TECHNOLOGICAL innovations are opening access to new business opportunities in Papua New Guinea, according to the World Bank, The National reports.
In its  latest PNG Economic Briefing, The Challenge of Transforming Today’s Boom into Better Living Standards for Tomorrow, the bank said the private sector is generating new opportunities, through innovative business structures and technological changes that fit PNG’s conditions well.
“As many as two and a half million Papua New Guineans had mobile phone handsets by early this year, compared with only thousands four years previously,” the report said.
“This employs large number directly, for example, Digicel has a network of around 30,000 distributors of pre-paid credit vouchers either new to informal retail business or enjoying increased turnover.
“The benefits of mobile phone technology are particularly great for a country constrained by PNG’s geography and often remote population, for example, on access to finance.
“Bank of PNG issued Digicel with the country’s first mobile banking licence last February.”

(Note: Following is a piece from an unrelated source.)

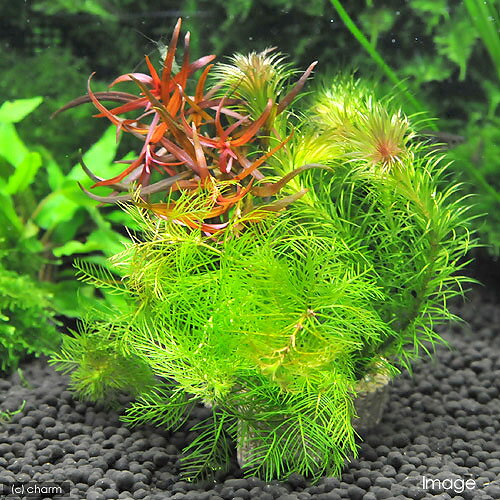 （水草）置くだけ簡単　ライフマルチ（茶）おまかせ水草1種（水中葉）（無農薬）（...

The report said major retail banks were trialling new mobile banking platforms designed to enable access to financial services, particularly savings accounts.
Nationwide Microbank staff assisting a Porebada village woman to access her bank account on the mobile phone.-Picture courtesy of NATIONWIDE MICROBANK

“These services include mobile agents using low-cost computers connected with mobile phone networks to open bank accounts for individuals.
“Individuals and small businesses are then able to transfer funds by mobile phones and deposit and withdraw funds from local agents, located in trade stores, for example.
“This reduces the costs of dealing in cash – for example, of theft or in handling cash, which can be scarce in remote areas.”
The report said Bank South Pacific was targeting 200,000 holders of such accounts by 2014.
“These innovations have the potential to dramatically deepen many Papua New Guineans’ engagement with the cash economy,” it said.
“They can allow small farmers to shift from relying on opportunistic production of cash crops when cash is needed to more strategic production, so raising incomes and allowing savings to be built to buffer against shocks or to support investments in productive capacity.”
A “Financial Inclusion Day” is planned for later this year following a 2008 World Bank report which found out that only 8% of the population in PNG has access to financial services while a whopping 90% are “financially excluded”.
The Consultative Implementation and Monitoring Council’s informal economy committee, realising the seriousness of the problem, held a meeting on Tuesday to start planning for the day.
According to a CIMC concept paper presented at the committee meeting on Tuesday, PNG ranked at the bottom of the table among Asia-Pacific countries, when it came to “financial inclusion”.
“Some degree of financial exclusion exists in all countries, even wealthy ones, but PNG is at the bottom of the league table among countries in the Asia-Pacific region,” it said.
“Even allowing for the relatively low population densities and rugged topography that make the provision of any services difficult in PNG, the country has performed very poorly in providing access to formal financial services for its people.
“Only about 8% of its population is ‘financially included’, or 92% excluded.”